WELLINGTON, Sept. 23 (Xinhua) -- New Zealand's house price bubble and rising accommodation costs might be worse than previously thought with a new government-funded study on Monday showing about one in every 120 people, an estimated total of 34, 000, had no access to housing in 2006.
The Otago University study, based on the most recent census and emergency housing data, provided the country's first-ever statistics on an "extremely disadvantaged" group of people, said Otago University researcher Dr Kate Amore.
"These 34,000 people were crowding in with family or friends, staying in boarding houses, camping grounds, emergency accommodation, in cars, or on the street. They all had low incomes, " Amore said in a statement.
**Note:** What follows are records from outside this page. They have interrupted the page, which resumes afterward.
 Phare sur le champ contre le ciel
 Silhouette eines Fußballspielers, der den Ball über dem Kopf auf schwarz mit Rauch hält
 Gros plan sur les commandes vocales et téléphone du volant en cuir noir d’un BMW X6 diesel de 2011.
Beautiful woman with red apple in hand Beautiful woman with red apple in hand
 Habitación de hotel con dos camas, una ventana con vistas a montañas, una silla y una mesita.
"Many of these people are excluded from poverty and unemployment statistics, and are not on social housing waiting lists," she said.
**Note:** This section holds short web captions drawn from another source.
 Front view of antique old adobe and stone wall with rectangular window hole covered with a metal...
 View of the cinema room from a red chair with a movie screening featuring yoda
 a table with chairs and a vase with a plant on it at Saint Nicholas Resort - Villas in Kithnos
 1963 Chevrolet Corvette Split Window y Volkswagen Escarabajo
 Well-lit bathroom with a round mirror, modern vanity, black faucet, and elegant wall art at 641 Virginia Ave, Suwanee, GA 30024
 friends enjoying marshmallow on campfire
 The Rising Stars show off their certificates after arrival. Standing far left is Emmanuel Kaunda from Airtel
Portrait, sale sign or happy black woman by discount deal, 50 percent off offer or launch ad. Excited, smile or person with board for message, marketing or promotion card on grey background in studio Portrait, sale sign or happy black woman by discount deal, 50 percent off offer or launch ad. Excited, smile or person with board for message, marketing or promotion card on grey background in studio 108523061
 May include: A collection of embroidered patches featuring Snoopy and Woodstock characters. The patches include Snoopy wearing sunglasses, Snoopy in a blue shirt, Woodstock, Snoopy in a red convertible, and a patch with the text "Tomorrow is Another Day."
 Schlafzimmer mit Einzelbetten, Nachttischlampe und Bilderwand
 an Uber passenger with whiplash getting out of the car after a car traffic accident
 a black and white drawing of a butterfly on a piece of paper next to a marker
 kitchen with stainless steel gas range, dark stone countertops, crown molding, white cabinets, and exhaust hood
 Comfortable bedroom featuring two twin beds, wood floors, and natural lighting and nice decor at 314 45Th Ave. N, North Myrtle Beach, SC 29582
A quarter of "severely housing deprived people" were children under 15 years, while about a third of the adults in the population were working, but still could not get a house for themselves or their family.
"We know that housing shortages, poverty, and crowding are very serious problems in New Zealand, so these findings are not surprising. We expect the problem is bigger now than it was in 2006," she said.
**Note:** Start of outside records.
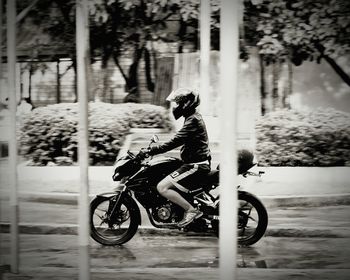 Side view of man riding motorcycle on road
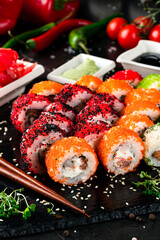 Sushi rolls with tuna, salmon, cream cheese, flying fish caviar, greens, soy sauce, wasabi, ginger and chopsticks.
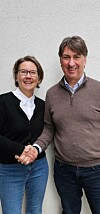 To personer smiler og håndhilser foran en lys vegg.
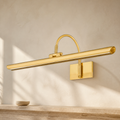 Elowyn Modern Brass Picture Light in a warm neutral Pamlamp interior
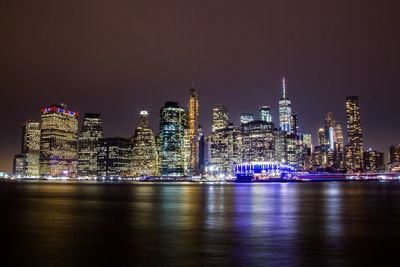 Illuminated modern buildings by river against sky at night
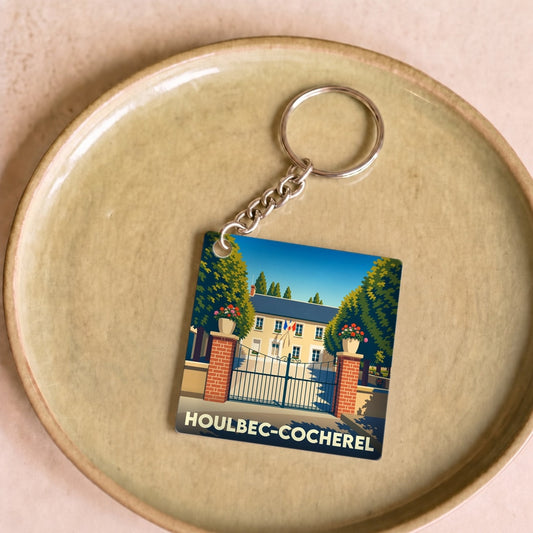 Porte-clés souvenir de la ville de Houlbec-Cocherel avec une illustration stylisée.
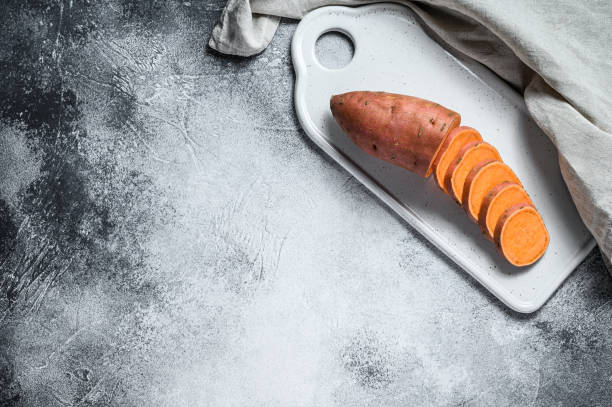 istock Raw yam, organic batatas. The farm vegetables. Gray background. Space for text 1188279841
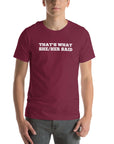 Man wearing maroon “THAT’S WHAT SHE/HER SAID” t-shirt, hands in pockets, looking relaxed to the front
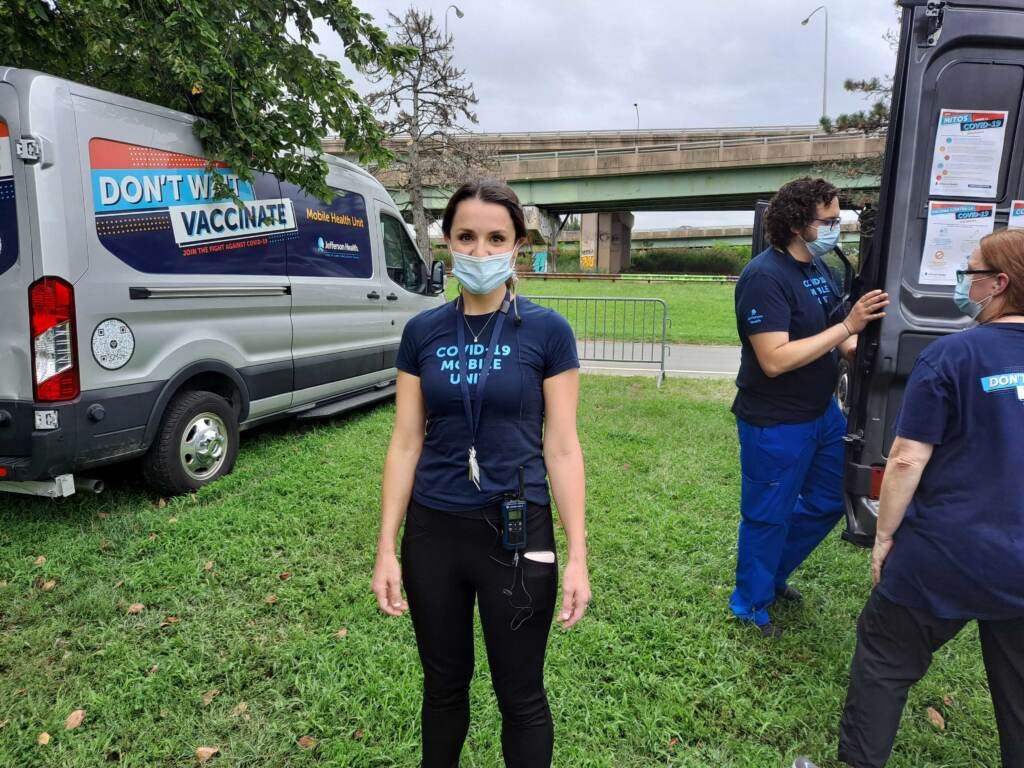 Morgan Hutchinson stands outside while wearing a mask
"This study just adds to the evidence that housing is major issue, and we need a lot more quality housing that people on low incomes can afford to live in," she said.
"The government needs to know about all of these people, not just those on the streets."
Economic experts, including the Reserve Bank of New Zealand ( RBNZ), have been warning that house prices in the two biggest cities of Auckland and Christchurch are rising beyond the reach of many people.
The RBNZ is implementing higher loan-to-value ratios for mortgage lenders from next month and opposition parties are pledging measures including capital gains taxes to curb property speculation.